Todo este asunto en parte se debe a la ingenuidad con la que vemos las cosas, si Giovanni Rodríguez se queja de las exiguas librerías y de los lectores castos, podría preguntarse él hasta dónde la moral se puede estirar sin romperse en cuanto a honestidad en el medio literario y sobre todo la brutalidad con la que se abusa de los estudiantes en la universidad en las clases de español. 

Pero sobre todo es lo condescendientes que somos, Fabricio Estrada por ejemplo decía en su blog que «con Giovanni podemos entrarle a los altos hornos para identificar la poesía en su nivel de fuego blanco», bien, pero yo no veo cómo eso es posible cuando por otro lado se forman criterios equivocados sobre las relaciones personales pero sobre todo cuando se desvirtúa el trabajo de muchos autores por su militancia política o por un posicionamiento ideológico u orientación sexual o por el hecho de ser mujer, finalmente, lo que no se puede es ir por la vida creyéndose el non plus ultra de las cosas en una sociedad con una diversa manifestación literaria. Y es por eso que me uno al llamado de atención que Gustavo Campos lanza, para defender la literatura pero sobre todo para defender la integridad de quienes nos dedicamos al oficio y reconocer que hay cosas que no se pueden seguir tolerando.

lunes, 1 de febrero de 2016

Murakami o la estética de la tristeza



Si existe un soledad inescrutable, quizá habite en las novelas de Murakami. Una soledad tan profunda que cuando no queda de otra entonces hay que dejarse llevar. Pero qué es la soledad sin la tristeza, y qué es la tristeza sin Murakami porque si de algo estoy convencido es que después de leer «Al sur de la frontera, al oeste del sol», sólo queda la tristeza honda para quien lee.

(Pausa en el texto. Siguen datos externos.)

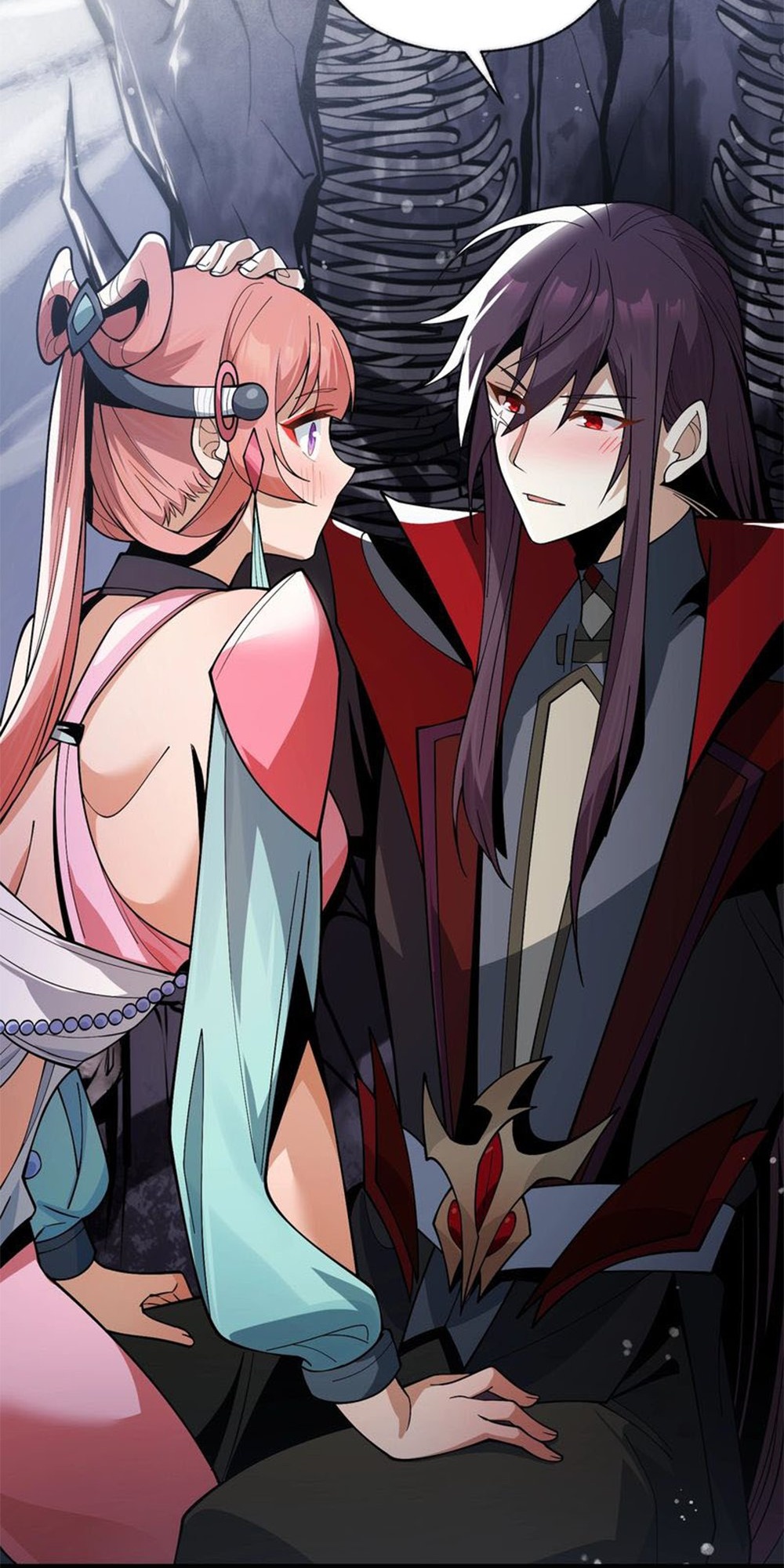 I, the Demon Lord, Am Being Targeted by My Female Disciples! Ch. 4 第43页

Murakami, en esta novela, no aborda nada profundo en realidad. Muchos tramos de la novela son sólo el producto del hastío, escenas recurrentes, el bar jazz, la referencias literarias, una pareja con un amor atormentado, personajes tristes, profundamente tristes que dan ganas de llorar de sólo pensar en cuál será el próximo libro de Murakami que leeremos. La fórmula de Murakami resulta ser haber alcanzado la estética de la tristeza en sus novelas.

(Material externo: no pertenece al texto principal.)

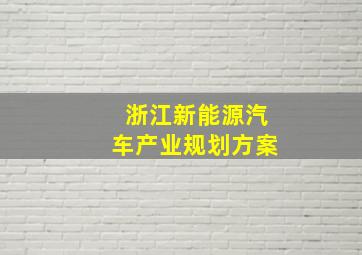 浙江新能源汽车产业规划方案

El único dato curioso es que aquí vuelvo a encontrar esa visión japonesa primermundista de América Latina en una vaga referencia geográfica, en «Tokio blues», Murakami hace referencia a Uruguay, y habla de un lugar lleno de mierda de vacas, vaya, un enorme país potrero, en «Al sur de la frontera, al oeste del sol» la referencia recae sobre México:

«-Yo también -coincidió Shimamoto-. De mayor cuando leí la letra de la canción, me llevé una desilusión. ¡Sólo era una canción sobre México! Yo que pensaba que al sur de la frontera debía de haber algo maravilloso.
-¿Cómo qué?
Shimamoto se echó el pelo para atrás con las manos y se lo recogió.
-Pues no lo sé. Algo muy hermoso, grande,suave.
-Algo muy hermoso, grande, suave -repetí-. ¿Se puede comer?
-Shimamoto se rió se rió. Pude entrever sus dientes blancos.
-Quizá no.
-¿Se puede tocar?
-Quizá sí.
-Me parece que hay demasiados quizás -dije.
-Aquel es un país con muchos quizás.»

En esta parte Shimamoto y Hajime hablan de la canción South of the border de Nat King Cole.